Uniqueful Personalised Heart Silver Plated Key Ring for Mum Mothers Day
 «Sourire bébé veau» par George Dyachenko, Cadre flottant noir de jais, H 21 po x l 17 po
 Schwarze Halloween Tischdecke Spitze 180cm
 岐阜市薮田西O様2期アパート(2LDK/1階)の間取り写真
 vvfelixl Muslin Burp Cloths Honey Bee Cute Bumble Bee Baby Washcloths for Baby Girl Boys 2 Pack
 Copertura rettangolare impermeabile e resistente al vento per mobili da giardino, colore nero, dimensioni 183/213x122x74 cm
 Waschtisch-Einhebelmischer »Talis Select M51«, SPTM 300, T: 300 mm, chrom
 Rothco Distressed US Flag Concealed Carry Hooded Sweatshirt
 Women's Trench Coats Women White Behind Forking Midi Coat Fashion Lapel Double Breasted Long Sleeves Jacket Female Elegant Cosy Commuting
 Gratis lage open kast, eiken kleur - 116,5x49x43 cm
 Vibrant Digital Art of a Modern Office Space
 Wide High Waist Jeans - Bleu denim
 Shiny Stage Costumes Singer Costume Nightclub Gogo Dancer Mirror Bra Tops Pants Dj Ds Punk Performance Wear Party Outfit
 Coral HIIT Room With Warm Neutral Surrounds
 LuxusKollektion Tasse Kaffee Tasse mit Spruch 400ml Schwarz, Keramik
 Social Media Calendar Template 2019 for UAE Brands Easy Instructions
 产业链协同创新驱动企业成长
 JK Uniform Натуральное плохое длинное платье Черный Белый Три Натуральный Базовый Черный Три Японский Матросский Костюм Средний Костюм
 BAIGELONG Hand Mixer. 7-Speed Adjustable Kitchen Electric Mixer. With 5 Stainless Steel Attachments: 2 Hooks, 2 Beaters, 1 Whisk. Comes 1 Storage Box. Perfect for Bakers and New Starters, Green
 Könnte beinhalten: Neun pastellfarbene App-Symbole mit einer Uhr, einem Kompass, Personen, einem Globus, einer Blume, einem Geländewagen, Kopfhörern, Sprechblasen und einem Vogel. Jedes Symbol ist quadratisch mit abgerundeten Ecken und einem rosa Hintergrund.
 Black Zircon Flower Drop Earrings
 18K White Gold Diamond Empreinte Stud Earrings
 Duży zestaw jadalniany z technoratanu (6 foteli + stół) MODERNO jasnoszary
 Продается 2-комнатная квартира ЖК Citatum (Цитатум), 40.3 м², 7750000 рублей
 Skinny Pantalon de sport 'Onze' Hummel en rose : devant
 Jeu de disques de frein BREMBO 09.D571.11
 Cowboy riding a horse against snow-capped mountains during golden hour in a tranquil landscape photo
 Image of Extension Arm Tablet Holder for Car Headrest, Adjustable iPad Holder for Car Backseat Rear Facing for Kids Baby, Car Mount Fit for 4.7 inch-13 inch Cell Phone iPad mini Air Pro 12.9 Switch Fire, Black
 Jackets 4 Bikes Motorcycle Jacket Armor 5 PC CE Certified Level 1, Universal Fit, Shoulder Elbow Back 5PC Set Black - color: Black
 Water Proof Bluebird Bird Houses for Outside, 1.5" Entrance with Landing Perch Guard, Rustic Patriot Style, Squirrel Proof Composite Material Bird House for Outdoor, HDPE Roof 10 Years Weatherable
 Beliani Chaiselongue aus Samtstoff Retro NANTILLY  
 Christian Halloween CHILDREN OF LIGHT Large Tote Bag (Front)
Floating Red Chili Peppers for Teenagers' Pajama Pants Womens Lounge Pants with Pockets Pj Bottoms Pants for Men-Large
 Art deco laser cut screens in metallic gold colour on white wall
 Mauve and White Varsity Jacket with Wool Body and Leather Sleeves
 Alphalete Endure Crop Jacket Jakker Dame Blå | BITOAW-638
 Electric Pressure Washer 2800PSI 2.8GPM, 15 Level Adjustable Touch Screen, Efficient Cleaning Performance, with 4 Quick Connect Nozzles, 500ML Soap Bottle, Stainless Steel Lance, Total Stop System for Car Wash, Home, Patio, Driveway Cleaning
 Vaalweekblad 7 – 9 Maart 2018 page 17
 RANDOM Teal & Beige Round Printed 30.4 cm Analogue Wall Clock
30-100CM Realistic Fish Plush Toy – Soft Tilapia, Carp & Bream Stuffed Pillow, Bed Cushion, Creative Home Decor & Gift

+ + + +

● **Task brief**: Please give back all of the data exactly as it appears.

● **The completed task**:
Uniqueful Personalised Heart Silver Plated Key Ring for Mum Mothers Day
 «Sourire bébé veau» par George Dyachenko, Cadre flottant noir de jais, H 21 po x l 17 po
 Schwarze Halloween Tischdecke Spitze 180cm
 岐阜市薮田西O様2期アパート(2LDK/1階)の間取り写真
 vvfelixl Muslin Burp Cloths Honey Bee Cute Bumble Bee Baby Washcloths for Baby Girl Boys 2 Pack
 Copertura rettangolare impermeabile e resistente al vento per mobili da giardino, colore nero, dimensioni 183/213x122x74 cm
 Waschtisch-Einhebelmischer »Talis Select M51«, SPTM 300, T: 300 mm, chrom
 Rothco Distressed US Flag Concealed Carry Hooded Sweatshirt
 Women's Trench Coats Women White Behind Forking Midi Coat Fashion Lapel Double Breasted Long Sleeves Jacket Female Elegant Cosy Commuting
 Gratis lage open kast, eiken kleur - 116,5x49x43 cm
 Vibrant Digital Art of a Modern Office Space
 Wide High Waist Jeans - Bleu denim
 Shiny Stage Costumes Singer Costume Nightclub Gogo Dancer Mirror Bra Tops Pants Dj Ds Punk Performance Wear Party Outfit
 Coral HIIT Room With Warm Neutral Surrounds
 LuxusKollektion Tasse Kaffee Tasse mit Spruch 400ml Schwarz, Keramik
 Social Media Calendar Template 2019 for UAE Brands Easy Instructions
 产业链协同创新驱动企业成长
 JK Uniform Натуральное плохое длинное платье Черный Белый Три Натуральный Базовый Черный Три Японский Матросский Костюм Средний Костюм
 BAIGELONG Hand Mixer. 7-Speed Adjustable Kitchen Electric Mixer. With 5 Stainless Steel Attachments: 2 Hooks, 2 Beaters, 1 Whisk. Comes 1 Storage Box. Perfect for Bakers and New Starters, Green
 Könnte beinhalten: Neun pastellfarbene App-Symbole mit einer Uhr, einem Kompass, Personen, einem Globus, einer Blume, einem Geländewagen, Kopfhörern, Sprechblasen und einem Vogel. Jedes Symbol ist quadratisch mit abgerundeten Ecken und einem rosa Hintergrund.
 Black Zircon Flower Drop Earrings
 18K White Gold Diamond Empreinte Stud Earrings
 Duży zestaw jadalniany z technoratanu (6 foteli + stół) MODERNO jasnoszary
 Продается 2-комнатная квартира ЖК Citatum (Цитатум), 40.3 м², 7750000 рублей
 Skinny Pantalon de sport 'Onze' Hummel en rose : devant
 Jeu de disques de frein BREMBO 09.D571.11
 Cowboy riding a horse against snow-capped mountains during golden hour in a tranquil landscape photo
 Image of Extension Arm Tablet Holder for Car Headrest, Adjustable iPad Holder for Car Backseat Rear Facing for Kids Baby, Car Mount Fit for 4.7 inch-13 inch Cell Phone iPad mini Air Pro 12.9 Switch Fire, Black
 Jackets 4 Bikes Motorcycle Jacket Armor 5 PC CE Certified Level 1, Universal Fit, Shoulder Elbow Back 5PC Set Black - color: Black
 Water Proof Bluebird Bird Houses for Outside, 1.5" Entrance with Landing Perch Guard, Rustic Patriot Style, Squirrel Proof Composite Material Bird House for Outdoor, HDPE Roof 10 Years Weatherable
 Beliani Chaiselongue aus Samtstoff Retro NANTILLY  
 Christian Halloween CHILDREN OF LIGHT Large Tote Bag (Front)
Floating Red Chili Peppers for Teenagers' Pajama Pants Womens Lounge Pants with Pockets Pj Bottoms Pants for Men-Large
 Art deco laser cut screens in metallic gold colour on white wall
 Mauve and White Varsity Jacket with Wool Body and Leather Sleeves
 Alphalete Endure Crop Jacket Jakker Dame Blå | BITOAW-638
 Electric Pressure Washer 2800PSI 2.8GPM, 15 Level Adjustable Touch Screen, Efficient Cleaning Performance, with 4 Quick Connect Nozzles, 500ML Soap Bottle, Stainless Steel Lance, Total Stop System for Car Wash, Home, Patio, Driveway Cleaning
 Vaalweekblad 7 – 9 Maart 2018 page 17
 RANDOM Teal & Beige Round Printed 30.4 cm Analogue Wall Clock
30-100CM Realistic Fish Plush Toy – Soft Tilapia, Carp & Bream Stuffed Pillow, Bed Cushion, Creative Home Decor & Gift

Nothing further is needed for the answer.